For many people, eggs, soy and milk can increase symptoms, and Toy says following an anti-inflammatory diet “is a popular trend for those who suffer with eczema.”
An anti-inflammatory diet emphasizes:
— Fruits and Vegetables.
— Whole grains and legumes, such as beans and peas.
— Probiotics, which are found in fermented foods such as yogurt, kefir and kombucha. These so-called good bacteria are “highly anti-inflammatory,” Toy says. They’re also good for supporting gut health and a healthy gut microbiome, which are increasingly thought of as integral to overall health and wellness.
— Flavonoids, which are found in green tea, berries, citrus, red wine and dark chocolate. Found in plants, these compounds also have anti-inflammatory properties.
In addition to whole foods, Toy says anti-inflammatory supplements may also be part of the mix when following an anti-inflammatory diet. These may include:
— Vitamin C. Found in a variety of plant foods, most recognizably citrus fruits, vitamin C helps support a healthy immune system.
— Vitamin D. Humans can manufacture vitamin D in the skin when it’s exposed to direct sunlight. Vitamin D supports bone health and is found in fatty fish, eggs, fortified cereals and fortified dairy products.
— Vitamin E. Vitamin E is an antioxidant that protects cells from damage and can bolster the body’s immune system. Seeds, nuts and leafy greens are good sources of vitamin E.
— Vitamin K. Like vitamins A, D and E, vitamin K is fat-soluble. It promotes healthy blood clotting and can be found in leafy green vegetables.
— Omega-3 fatty acids. Found in flaxseed, chia, fatty fish and other foods, omega-3 fatty acids have anti-inflammatory and heart-protecting benefits.
An anti-inflammatory diet also limits or removes processed foods, which can increase inflammation in the body. While the hard data regarding its effectiveness for eczema is inconclusive, an anti-inflammatory approach to eating that removes processed foods and emphasizes fresh, whole foods is always a good idea.

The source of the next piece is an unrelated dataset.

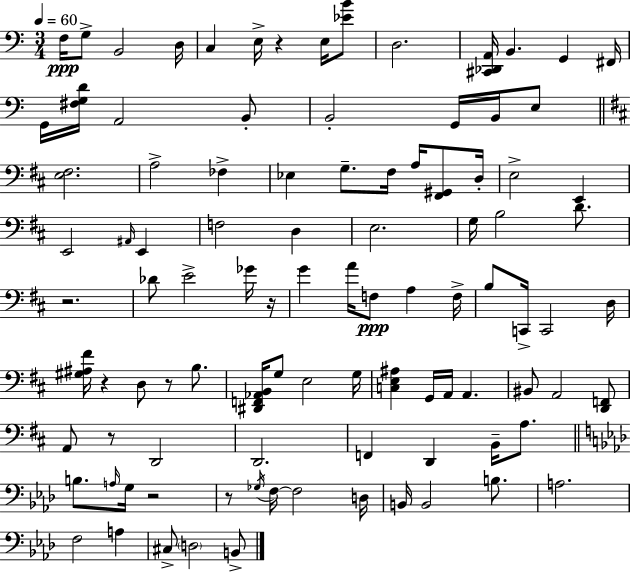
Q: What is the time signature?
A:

And Lanser says it’s really important to maintain a healthy diet that includes a wide variety of foods. “Many times, patients have been told to try eliminating wheat or try removing milk. Or try avoiding tomatoes and citrus fruits. So, they come with a long list of foods they’ve removed from their diet. Elimination of these items might improve symptoms for a day or two but the symptoms come back soon thereafter, even with continued avoidance of the food,” he explains.
Healing from Eczema
This all points to just how complicated the connection between food and eczema can be, and underscores that there’s “no magic cure. There’s no single thing that’s going to totally cure the eczema.”
Rather, you have to look at the whole picture, and take a holistic approach to keeping your skin healthy to reduce symptoms. “The most important thing and the key thing with eczema is to focus on good skincare from the beginning,” Lanser says.
Building up the skin’s natural moisture barrier with the use of l otions, daily baths and other treatments can make a big difference, along with eating healthy foods, reducing stress and eliminating exposure to other allergens and environmental triggers.
Work with your doctor to get the right diagnosis and find appropriate treatments. Lanser says you may need to undergo some tests, such as food challenges, to find out what makes your symptoms more pronounced and to make sure there isn’t another skin condition or allergy at work.
Toy agrees that healing from eczema is a process that goes beyond the dinner table. “Eczema is a multi-factorial condition. While diet certainly plays a role, there is interplay with other environmental factors, such as weather and stress.” Successfully managing the condition means “mitigating these environmental factors,” and talking with your dermatologist for treatment and additional guidance.